The enhanced feeds are powered by “tickerised” versions of Bloomberg’s existing news products. Instead of consuming a global stream of headlines, users can now receive instrument-level news aligned to their own strategies, reducing the need for manual filtering before integration into systematic models.
The firm said the changes are intended to reduce manual processing and allow clients to embed high-quality, structured news inputs directly into automated market-making, event-driven, and quantitative trading strategies.
The upgraded model delivers news only for instruments a client selects, rather than pushing a full market-wide stream. That change is designed to make front-office consumption more efficient, particularly for desks that run systematic strategies and require clean, structured inputs.
“The move toward ‘tickerised’ news feeds represents a significant shift for the front office, moving from traditional consumption of a firehose of unstructured news data to continuous, machine-readable awareness of market events relevant to specific trading strategies in real time,” said Cory Albert, global head of real-time data and technology at Bloomberg.

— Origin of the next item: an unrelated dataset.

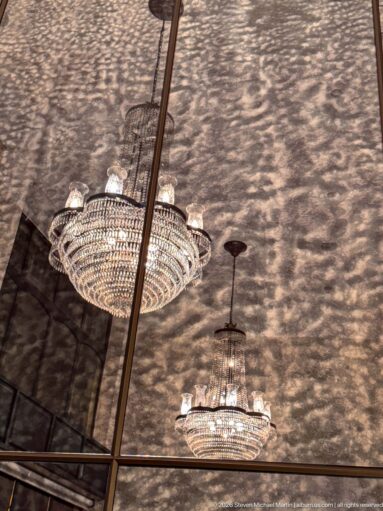 Two crystal chandeliers hanging beneath a mirrored ceiling filled with warm patterned reflections.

“By delivering news only for instruments that a user requests, Bloomberg is reducing the lift on the back end for traders who previously had to manually sift through broad global news feeds before they could be operationalised in their systematic strategies,” he added.
The feeds also incorporate proprietary sentiment models and granular metadata tagging in real time, allowing users to embed analytics directly alongside pricing and market data.
Alongside tickerised feeds, Bloomberg has introduced “news insights” functionality aimed at supporting risk monitoring and anomaly detection in systematic environments. The tool aggregates underlying news at the entity level and applies sentiment and thematic analysis.
“For example, news insights could pre-empt a trader with information such as: news activity on an instrument of interest is higher than normal by a specific factor, the sentiment of the news is positive, and the normalised theme for the stories is mergers and acquisitions,” Albert said.
The insights are designed to flag unusual activity patterns, allowing desks to detect event-driven volatility or thematic concentration earlier in the workflow.
Bloomberg’s real-time news feeds currently draw from more than 175,000 web and social media sources. The analytics layer covers story-level company sentiment scores and market-moving indicators, while the textual database spans more than 220,000 entities, 10,000 topics and 660,000 people.
Albert said the feeds are built to integrate directly into systematic workflows while maintaining traceability to source stories. “These actionable signals can be integrated directly into systematic workflows, and always tied back to their source stories. This enables traders to combine targeted, normalised news inputs and analytics they trust with event, market, and pricing data to support faster, more consistent investment decisions.”
As trading desks continue automating execution and risk oversight, structured news ingestion is becoming less of a research function and more of a data-engineering layer within front-office systems.